There are several important sources of uncertainty in
the global economy. One is climatic instability, brought on by global
warming. It has become clear that a warmer world will increase destructive,
regionally and locally specific weather phenomena (hurricanes, floods,
droughts, and perhaps even seismic activity) and disrupt seasonal patterns
(Davis and Sellers 1994; Gunn et al. 1995), making weather in many parts
of the world as capricious as that of Burgundy. These events will
in turn affect financial markets, insurance, law, agriculture, tourism,
and health (World Climate Programme 1997).
Another uncertainty is the very connectedness of global markets;
never in world history have so many economies been tied together.

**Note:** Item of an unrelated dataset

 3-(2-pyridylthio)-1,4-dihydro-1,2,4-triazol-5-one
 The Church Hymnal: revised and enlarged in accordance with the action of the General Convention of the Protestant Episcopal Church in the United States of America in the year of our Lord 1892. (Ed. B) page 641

During the recent Asian market crash (fall 1997) American investor confidence
in a strong national economy and automatic "buy" programs stabilized the
market. There remains, however, the danger that automatic corrections
will not always be able to forestall the effect of investor flight, sending
the global economy into free fall.
A third uncertainty is political. Armed conflict and natural disaster
threaten not just regional and national stability; refugees crossing national
borders to escape fighting or famine, the threat of pandemic disease, and
the international arms market (to name a few), spread the effects of conflict
and disaster far beyond their places of origin.
What is sure is that however efficient industrialized agriculture is in the short term, its undervaluation of biological and economic diversity renders it a brittle structure. Agribusiness is everywhere maintained by means of expensive technology (genetic breeding, chemical fertilizers); in Europe, it is engaged in an aggressive campaign to ban traditional seed stocks. In the uncertain times that global warming will bring, global agribusiness, in its present form, will be unable to feed the world's population. No new technology, however dear, can buy us the time to relearn what tradition--human memory, and the memory in the land itself--has to teach.